The bad news for Trump starts
For all the Trump supporters who say he will beat Hillary in the General election: a reality check. Trump has a long climb ahead. The fact that he starts out this far behind a serially corrupt person is bad news indeed.
1) Eminent domain. Trump ardently supports being able to take money from private individuals on behalf of the government to give to cronies who have friends in high places.
2) Government-run healthcare. On the one hand Trump claims he wants to repeal Obamacare, but on the other he says that everyone should be taken care of.
3) Taxes. On the one side Trump says he wants to do away with some taxes, but he supports higher taxes on the rich.
As for him being a Christian, I might actually consider him one if he had any idea what Christ taught. He doesn't. American-born? That's kind of a requirement, but what I want is an American patriot - someone who has read and reveres the Constitution. Donald clearly has no concept of the reason for separation of powers and I doubt he could name the contents of any Amendment past the First - which he wants to do away with so he can sue or incarcerate people who disagree with him. And I love the fact that he's a businessman, but that doesn't qualify one to be President.
I'd like to reflect on that statement for a moment.
How many D's crossed party lines to vote for him?
How many of those D's do you believe will remain loyal to him in the general election?
In my opinion, the Democrats took full advantage of the open primaries to skew the Republican vote -- and it has paid huge dividends to the Democratic party's chances of winning in November.
While I do not buy the theory that Trump is a Democrat mole, I do not believe for a moment that Trump is a tried and true Republican.
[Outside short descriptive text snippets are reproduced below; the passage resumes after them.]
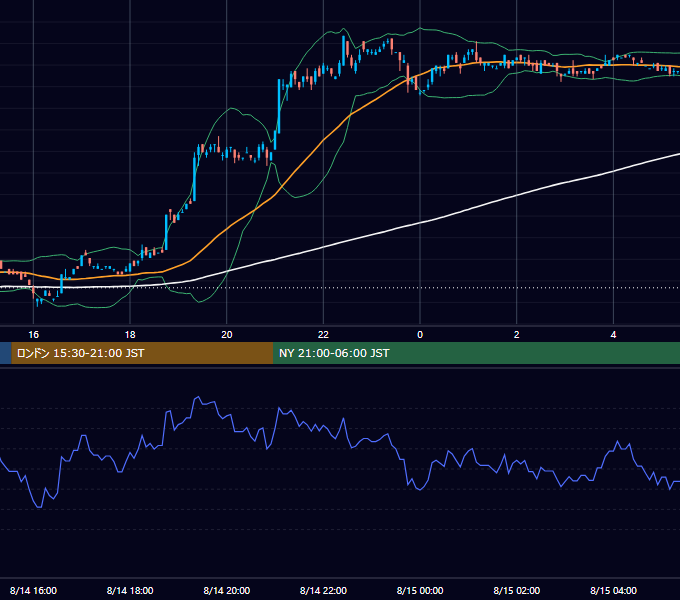 2000年8月14日（月） USD/JPY 5分足チャート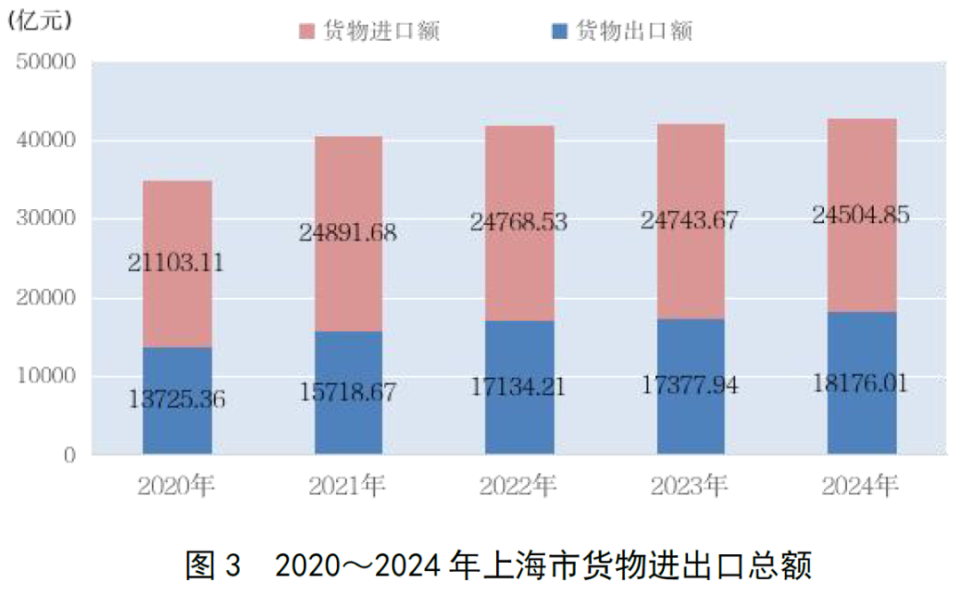 最新!上海常住人口数据公布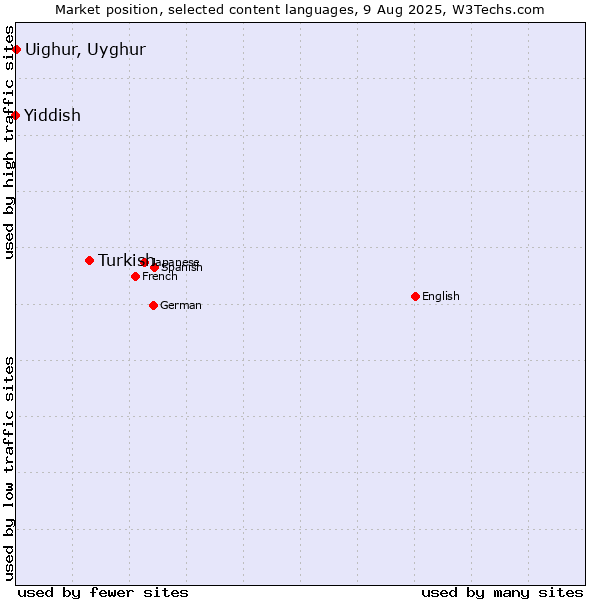 Market position of Turkish vs. Uighur, Uyghur vs. Yiddish
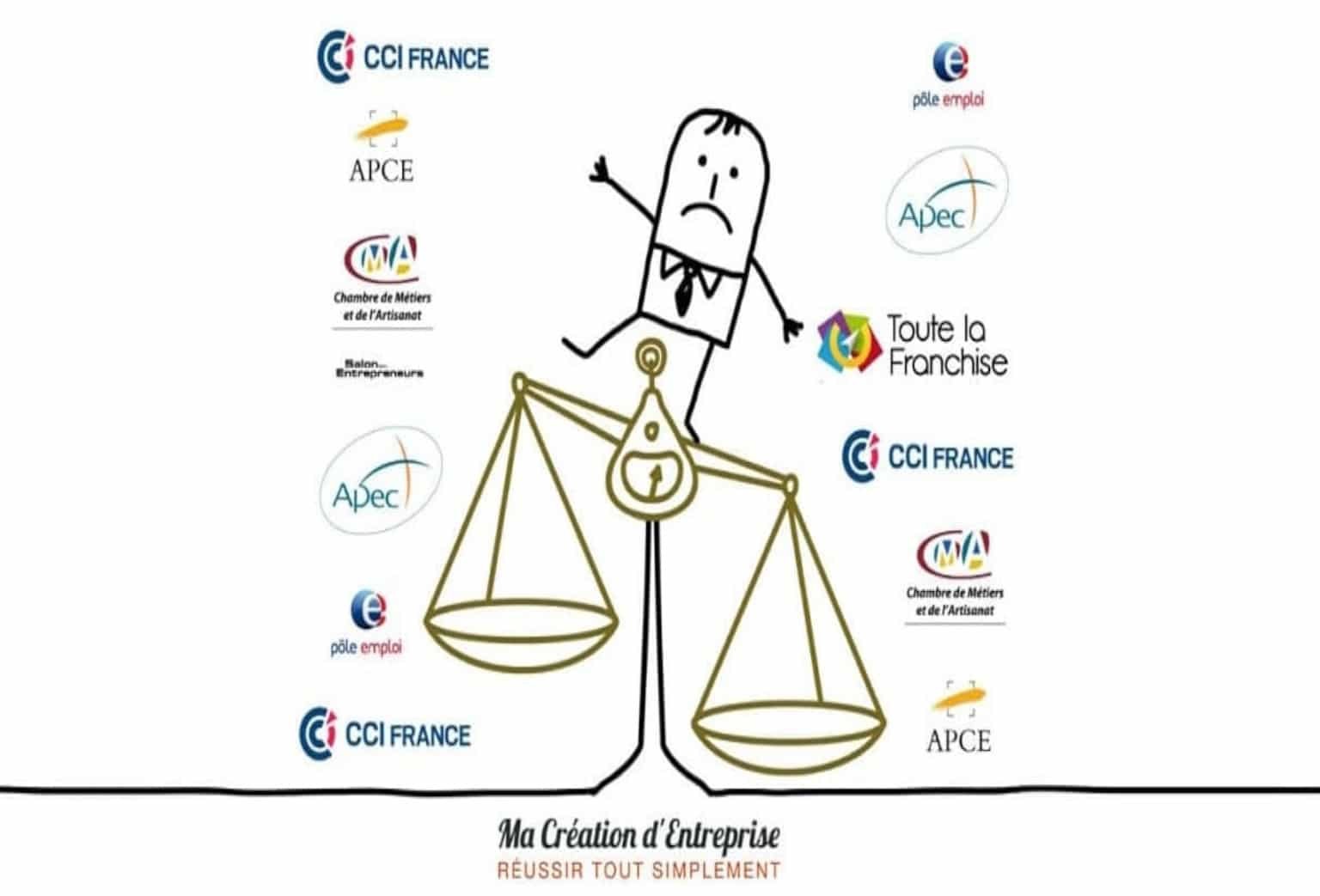 La création d’entreprise tente 1 Français sur 3 : entre plaisirs et dangers, la vérité !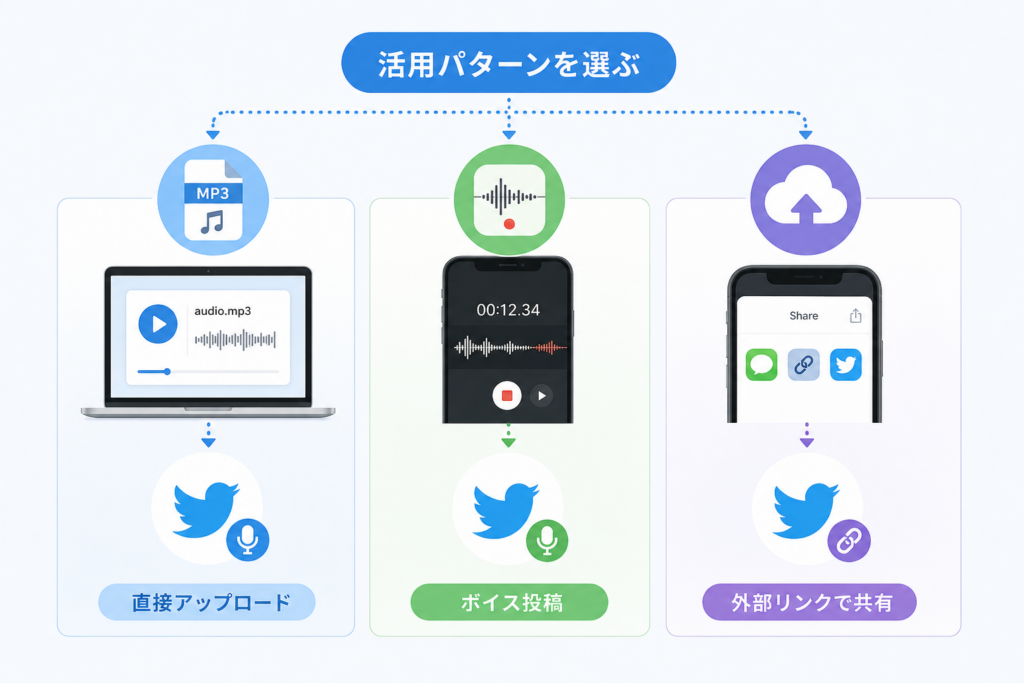 Twitterでmp3やボイスメモを音声ファイルとして活用するパターン別選択肢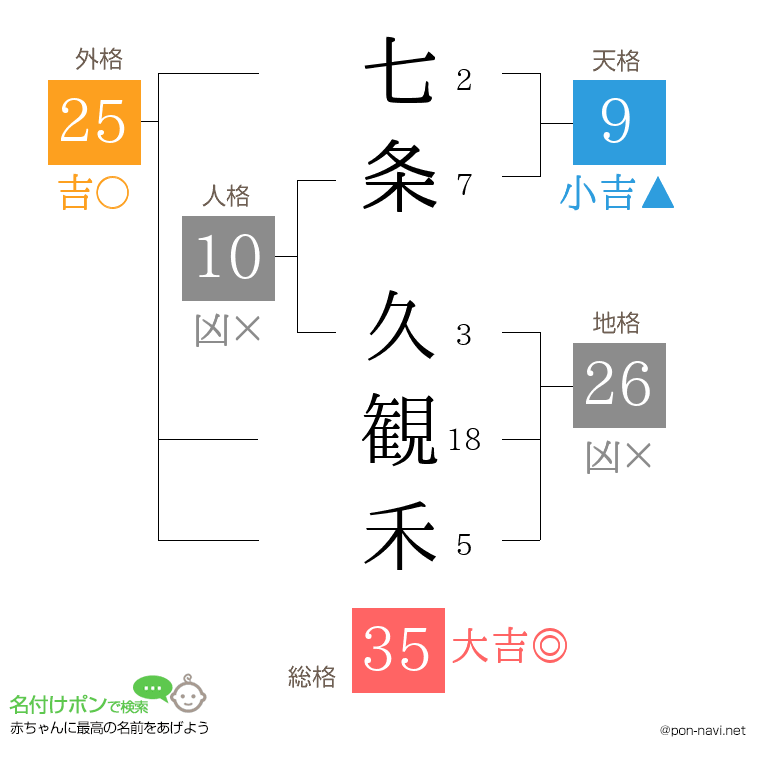 七条 久観禾さんの姓名判断結果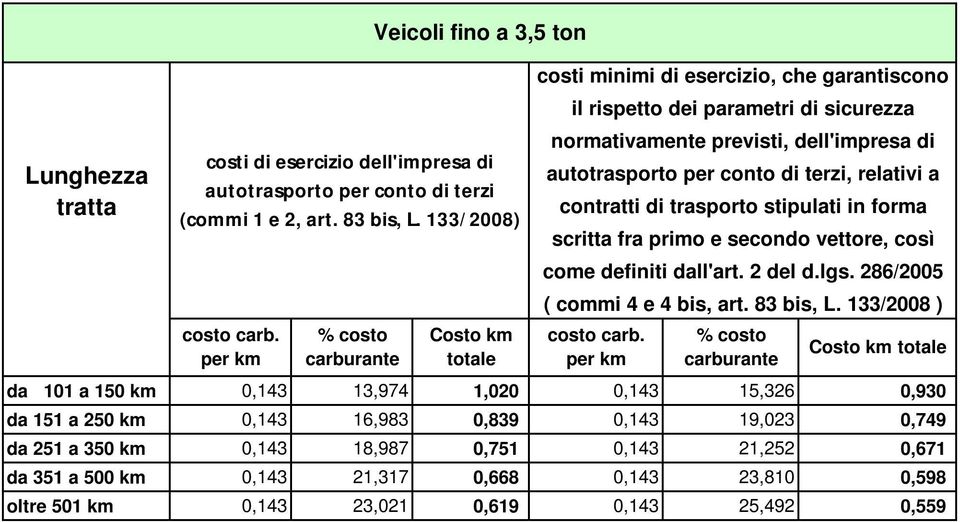 19,023 0,749 da 251 a 350 km 0,143 18,987 0,751 0,143 21,252 0,671 da 351 a 500 km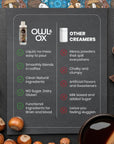 Mushroom Coffee Creamer with MCT Oil by Owl & Ox - 30 Servings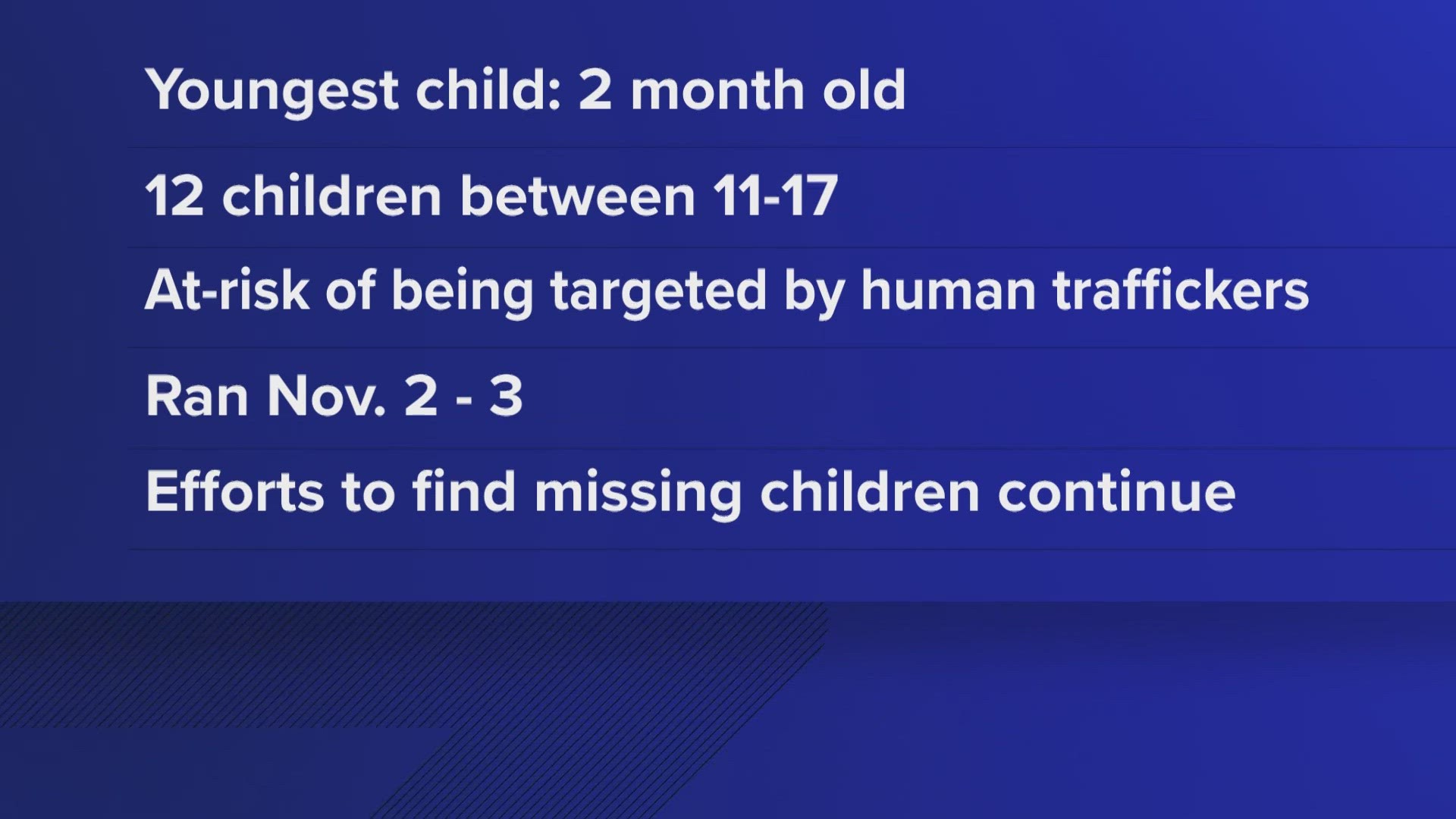 The Tennessee Bureau of Investigation (TBI) said 13 missing Memphis area children have been found after ‘Operation Not for Sale,’ targeting those at risk.
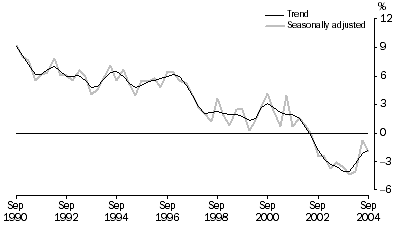 Graph: Household saving ratio, Trend and seasonally adjusted, Current prices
His rhetoric far out-stretches his past. (E.g., his donations and contact with the Clintons just weeks before announcing his candidacy - source: https://www.washingtonpost.com/politi...
What sort of things would Trump have had to converse with Bill just prior to announcing his run for presidency? Certainly Bill & Hillary would have known that Hillary was already going to be the Democrat nominee, all Trump had to do was garner some favors in the open primaries to secure the Republican nomination. For the millions Trump's donated in the past, this should have been an easy transaction to conclude.
All over the open primaries, you had countless democrats crossing over to vote for Donald. And, they ended up sounding precisely like the two Ted Cruz confronted in Indiana. And, that is precisely how Trump dispatched Ted in Indiana.
Those two were indeed "fired up". But, they could not argue a single principle except to spew out political slur after political slur at Ted. They epitomize(d) the typical Trump supporter.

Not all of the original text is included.